COVID-19 Vaccine Response in Chronic Respiratory Conditions

Recruiting

• Conditions: SARS-CoV Infection
• Interventions: Biological: COVID-19 vaccine

• Registration Number: NCT05313087
• Lead Sponsor: National Jewish Health

Brief Summary

The investigators will assess the antibody, T cell and B cell responses to SARS-CoV-2 vaccination before and every 3 months for 18 months after the initial vaccination or subsequent vaccinations (boosters) in adults and children including patients with chronic medical conditions.

Detailed Description

HYPOTHESES

1. Patients with chronic respiratory diseases will have a lower antibody response to SARS-CoV-2 virus after vaccination and shorter durability of the response than control subjects without chronic disorders.

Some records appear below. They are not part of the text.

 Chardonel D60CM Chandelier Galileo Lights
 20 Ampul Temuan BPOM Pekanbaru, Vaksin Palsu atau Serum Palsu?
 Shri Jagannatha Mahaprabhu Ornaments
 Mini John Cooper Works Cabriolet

2. Patients on corticosteroids and other immunomodulator medications for chronic medical disorders will have a lower antibody response to SARS-CoV-2 after vaccination and shorter durability of the response than subjects with chronic disorders who are not being treated with corticosteroids and immunomodulator medications.

SPECIFIC AIMS

1. Enroll up to 1,000 patients receiving a SARS-CoV-2 vaccination (initial or subsequent vaccinations) in an observational study to determine vaccine antibody response and durability.

1. Obtain blood samples to measure antibody assess the antibody, T cell and B cell responses to SARS-CoV-2 vaccination before and every 3 months for 18 months after the initial vaccination or subsequent vaccinations (boosters) .

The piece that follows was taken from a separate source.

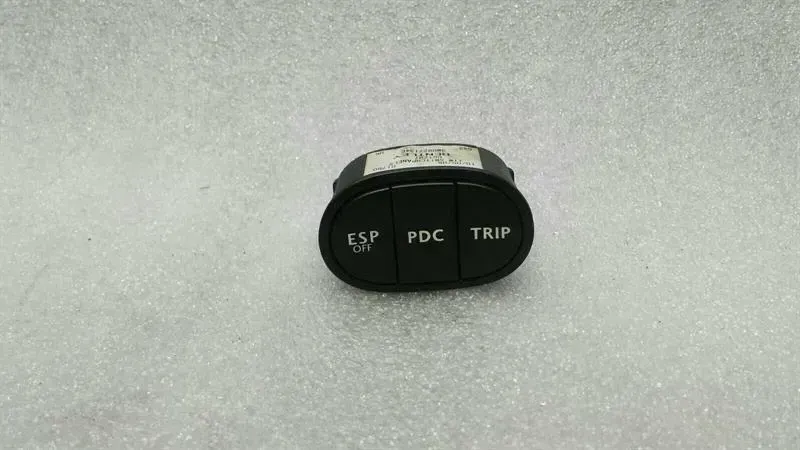 BENTLEY CONTINENTAL FLYING TRACK Switch 3W0927134C Switch PDC ESP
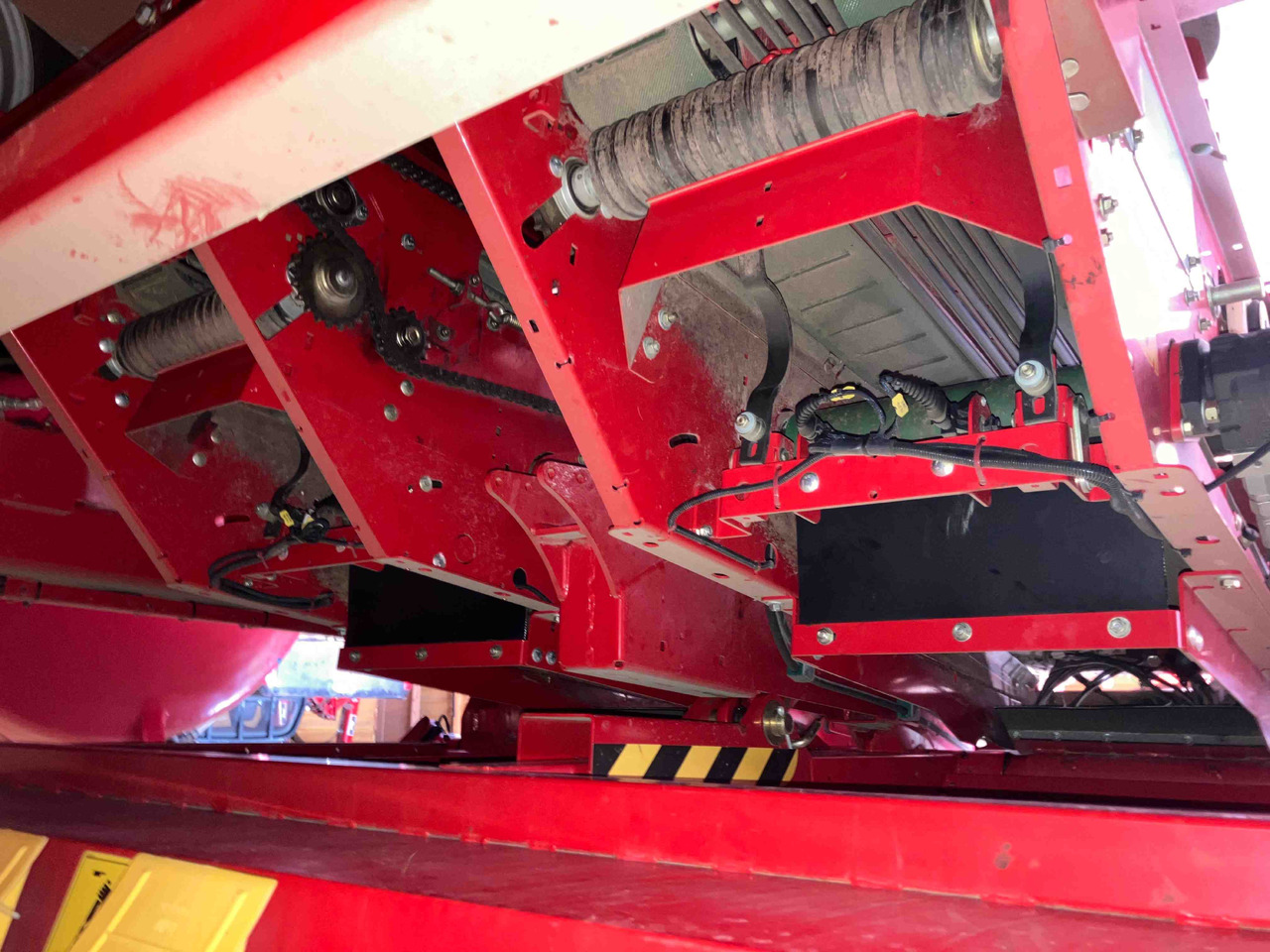 Grimme GB 215 - Oogstmachine: afbeelding 4 Grimme GB 215 - Oogstmachine: afbeelding 4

2. Categorize patients by their age, gender, race, ethnicity, underlying chronic disease, disease severity, medical therapy and comorbidities.

3. Assess the clinical effectiveness of the vaccine to prevent COVID-19 infections.

3. Determine the clinical features and gene expression of patients who are less responsive (have lower antibody levels and shorter duration of antibody response) to SARS-CoV-2 vaccinations.

STUDY DESIGN Patient population - up to 1,000.

Consisting of patients in the following groups:

1. Controls - who are NOT in any of the groups listed below.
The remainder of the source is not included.